# [WHAT TO PRODUCE]
Please restate, exactly as they appear, only the lines from the one that contains "Soft orange heels" to the final line of the entries, with no pictures.

# [DATA FOR THIS EXERCISE]

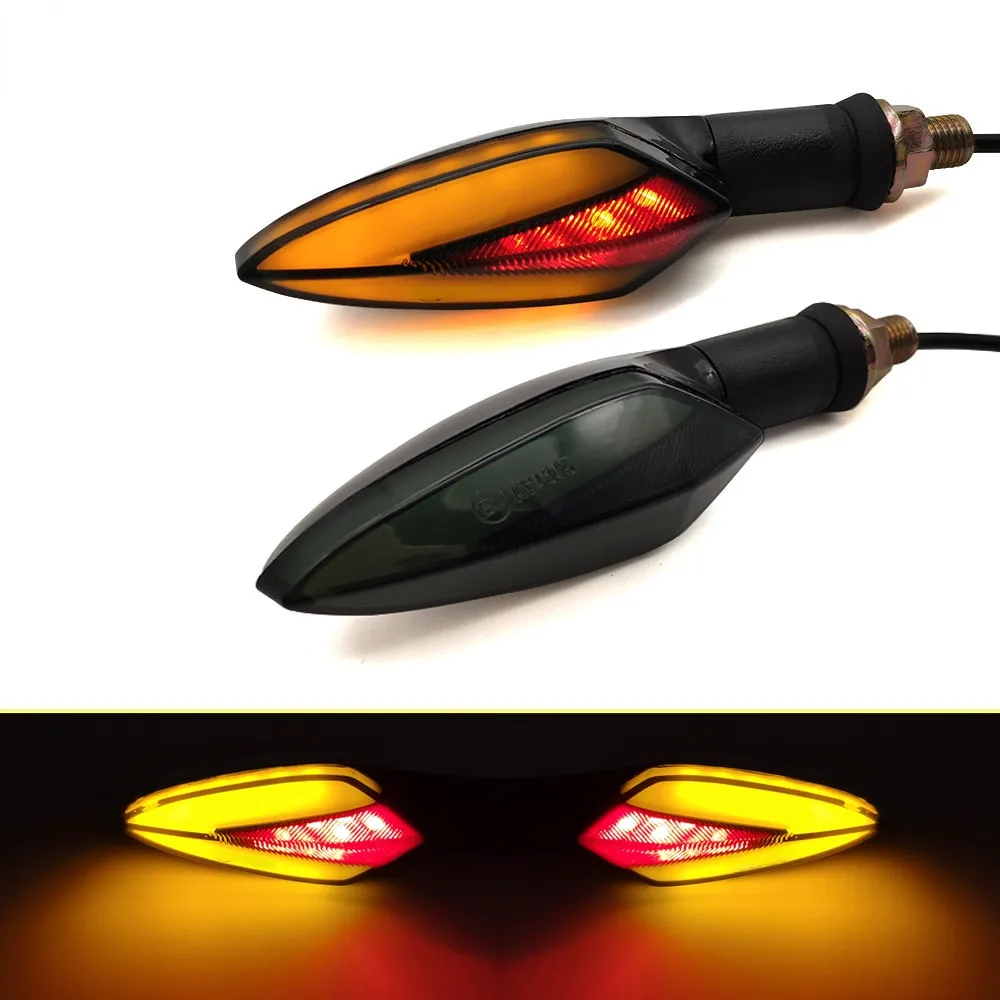 2st Motorcykel LED Turn Signal Lights Flashers Lämpliga för motorcyklar SCOOTERS BICYCLES Honda Hornet Yamaha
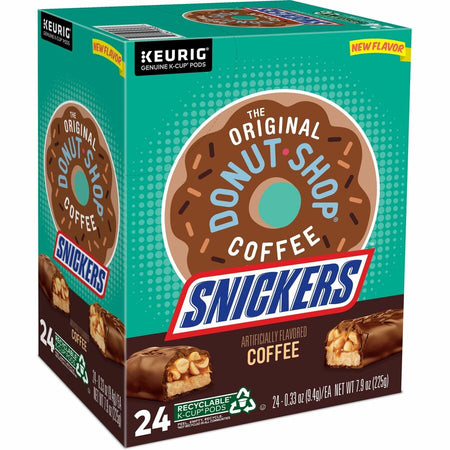 The Original Donut Shop® Snickers Coffee - Compatible with Keurig K-Cup Brewer - Mild - 24 / Box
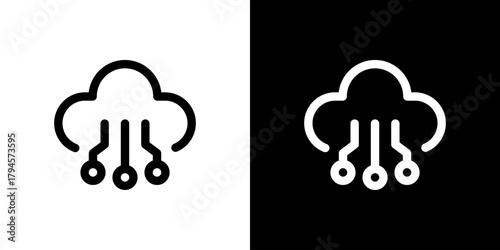 クラウドネットワークのアイコン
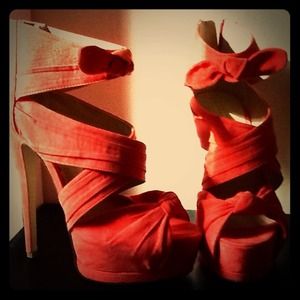 Soft orange heels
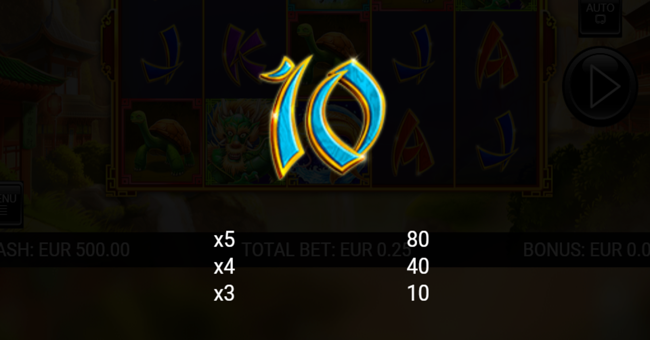 lung fu paytable6 paytable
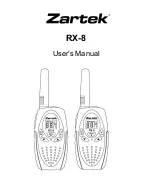 Zartek RX-8 User Manual preview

# [SOLVED EXERCISE]
 Soft orange heels
 lung fu paytable6 paytable
 Zartek RX-8 User Manual preview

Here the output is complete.